:: GIVEN ENTRIES ::

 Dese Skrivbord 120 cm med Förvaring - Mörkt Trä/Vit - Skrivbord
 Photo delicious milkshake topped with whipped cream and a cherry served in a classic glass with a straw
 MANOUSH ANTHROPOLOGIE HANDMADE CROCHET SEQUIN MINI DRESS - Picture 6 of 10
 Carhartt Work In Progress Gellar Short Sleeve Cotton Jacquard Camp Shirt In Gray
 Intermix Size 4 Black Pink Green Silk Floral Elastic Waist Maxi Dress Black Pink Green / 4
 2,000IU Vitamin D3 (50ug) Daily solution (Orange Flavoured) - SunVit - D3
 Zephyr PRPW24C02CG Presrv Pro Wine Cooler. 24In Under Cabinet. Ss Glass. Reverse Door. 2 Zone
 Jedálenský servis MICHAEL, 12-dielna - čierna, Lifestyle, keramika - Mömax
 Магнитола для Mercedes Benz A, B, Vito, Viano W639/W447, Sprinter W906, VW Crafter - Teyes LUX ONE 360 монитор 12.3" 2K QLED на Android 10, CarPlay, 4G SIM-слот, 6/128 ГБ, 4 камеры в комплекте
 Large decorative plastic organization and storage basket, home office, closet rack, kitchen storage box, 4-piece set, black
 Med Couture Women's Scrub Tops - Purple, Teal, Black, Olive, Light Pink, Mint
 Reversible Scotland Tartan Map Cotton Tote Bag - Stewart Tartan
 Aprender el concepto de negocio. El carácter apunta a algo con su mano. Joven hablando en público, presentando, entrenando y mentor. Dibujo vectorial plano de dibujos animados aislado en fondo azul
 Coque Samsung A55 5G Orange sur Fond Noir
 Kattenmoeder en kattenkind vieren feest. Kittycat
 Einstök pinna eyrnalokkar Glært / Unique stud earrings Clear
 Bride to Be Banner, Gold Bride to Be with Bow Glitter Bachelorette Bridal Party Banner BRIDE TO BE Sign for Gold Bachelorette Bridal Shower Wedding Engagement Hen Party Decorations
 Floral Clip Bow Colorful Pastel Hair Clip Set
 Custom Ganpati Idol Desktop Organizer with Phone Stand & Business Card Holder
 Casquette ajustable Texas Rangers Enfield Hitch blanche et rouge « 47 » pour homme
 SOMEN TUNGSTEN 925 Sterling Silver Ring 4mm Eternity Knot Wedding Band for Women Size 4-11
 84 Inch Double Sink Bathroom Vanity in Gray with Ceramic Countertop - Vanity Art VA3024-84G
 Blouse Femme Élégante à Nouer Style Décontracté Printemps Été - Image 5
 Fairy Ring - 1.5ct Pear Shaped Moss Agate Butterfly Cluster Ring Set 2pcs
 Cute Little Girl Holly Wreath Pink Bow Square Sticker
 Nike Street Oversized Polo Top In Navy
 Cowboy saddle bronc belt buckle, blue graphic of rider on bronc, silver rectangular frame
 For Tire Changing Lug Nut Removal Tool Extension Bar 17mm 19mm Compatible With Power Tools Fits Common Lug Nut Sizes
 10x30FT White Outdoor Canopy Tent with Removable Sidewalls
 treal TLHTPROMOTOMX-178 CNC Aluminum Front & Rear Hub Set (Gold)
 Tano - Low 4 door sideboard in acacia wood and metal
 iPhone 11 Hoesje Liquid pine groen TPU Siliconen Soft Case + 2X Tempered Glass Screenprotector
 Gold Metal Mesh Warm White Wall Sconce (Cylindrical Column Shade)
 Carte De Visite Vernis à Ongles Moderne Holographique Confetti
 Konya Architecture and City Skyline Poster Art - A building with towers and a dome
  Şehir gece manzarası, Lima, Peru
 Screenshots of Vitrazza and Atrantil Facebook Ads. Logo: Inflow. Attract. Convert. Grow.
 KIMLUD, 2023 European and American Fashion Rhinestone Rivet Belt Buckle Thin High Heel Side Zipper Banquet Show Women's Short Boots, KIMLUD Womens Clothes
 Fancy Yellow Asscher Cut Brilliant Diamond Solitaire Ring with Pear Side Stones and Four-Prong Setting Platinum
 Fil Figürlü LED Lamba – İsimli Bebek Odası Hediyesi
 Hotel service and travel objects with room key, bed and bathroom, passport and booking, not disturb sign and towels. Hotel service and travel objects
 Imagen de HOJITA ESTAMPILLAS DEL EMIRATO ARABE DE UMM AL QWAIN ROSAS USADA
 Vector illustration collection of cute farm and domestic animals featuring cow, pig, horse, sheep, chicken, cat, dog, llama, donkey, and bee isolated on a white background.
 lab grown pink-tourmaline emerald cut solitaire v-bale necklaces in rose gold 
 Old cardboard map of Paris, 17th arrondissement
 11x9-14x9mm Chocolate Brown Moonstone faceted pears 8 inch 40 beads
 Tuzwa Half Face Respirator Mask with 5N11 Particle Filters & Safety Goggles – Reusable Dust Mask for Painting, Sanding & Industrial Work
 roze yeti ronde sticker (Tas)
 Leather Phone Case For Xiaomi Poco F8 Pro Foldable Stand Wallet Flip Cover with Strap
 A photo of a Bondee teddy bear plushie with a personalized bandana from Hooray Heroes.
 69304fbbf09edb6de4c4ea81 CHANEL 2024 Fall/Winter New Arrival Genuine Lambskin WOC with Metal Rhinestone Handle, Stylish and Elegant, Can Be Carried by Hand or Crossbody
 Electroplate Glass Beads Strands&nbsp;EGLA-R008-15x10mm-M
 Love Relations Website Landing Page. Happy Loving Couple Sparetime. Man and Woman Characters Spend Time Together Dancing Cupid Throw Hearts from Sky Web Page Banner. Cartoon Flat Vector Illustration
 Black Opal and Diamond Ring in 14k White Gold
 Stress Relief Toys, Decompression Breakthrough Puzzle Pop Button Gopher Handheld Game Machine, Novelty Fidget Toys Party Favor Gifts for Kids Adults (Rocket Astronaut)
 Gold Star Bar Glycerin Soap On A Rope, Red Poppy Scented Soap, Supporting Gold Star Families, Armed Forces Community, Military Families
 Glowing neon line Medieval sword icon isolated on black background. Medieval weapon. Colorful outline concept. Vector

:::

*DIRECTIONS FOR THIS TASK*.
Could you return exactly the stretch of the data above that starts at the line with "Fancy Yellow Asscher" and ends at the line with "Electroplate Glass Beads", both lines included?

*RESULT*.
 Fancy Yellow Asscher Cut Brilliant Diamond Solitaire Ring with Pear Side Stones and Four-Prong Setting Platinum
 Fil Figürlü LED Lamba – İsimli Bebek Odası Hediyesi
 Hotel service and travel objects with room key, bed and bathroom, passport and booking, not disturb sign and towels. Hotel service and travel objects
 Imagen de HOJITA ESTAMPILLAS DEL EMIRATO ARABE DE UMM AL QWAIN ROSAS USADA
 Vector illustration collection of cute farm and domestic animals featuring cow, pig, horse, sheep, chicken, cat, dog, llama, donkey, and bee isolated on a white background.
 lab grown pink-tourmaline emerald cut solitaire v-bale necklaces in rose gold 
 Old cardboard map of Paris, 17th arrondissement
 11x9-14x9mm Chocolate Brown Moonstone faceted pears 8 inch 40 beads
 Tuzwa Half Face Respirator Mask with 5N11 Particle Filters & Safety Goggles – Reusable Dust Mask for Painting, Sanding & Industrial Work
 roze yeti ronde sticker (Tas)
 Leather Phone Case For Xiaomi Poco F8 Pro Foldable Stand Wallet Flip Cover with Strap
 A photo of a Bondee teddy bear plushie with a personalized bandana from Hooray Heroes.
 69304fbbf09edb6de4c4ea81 CHANEL 2024 Fall/Winter New Arrival Genuine Lambskin WOC with Metal Rhinestone Handle, Stylish and Elegant, Can Be Carried by Hand or Crossbody
 Electroplate Glass Beads Strands&nbsp;EGLA-R008-15x10mm-M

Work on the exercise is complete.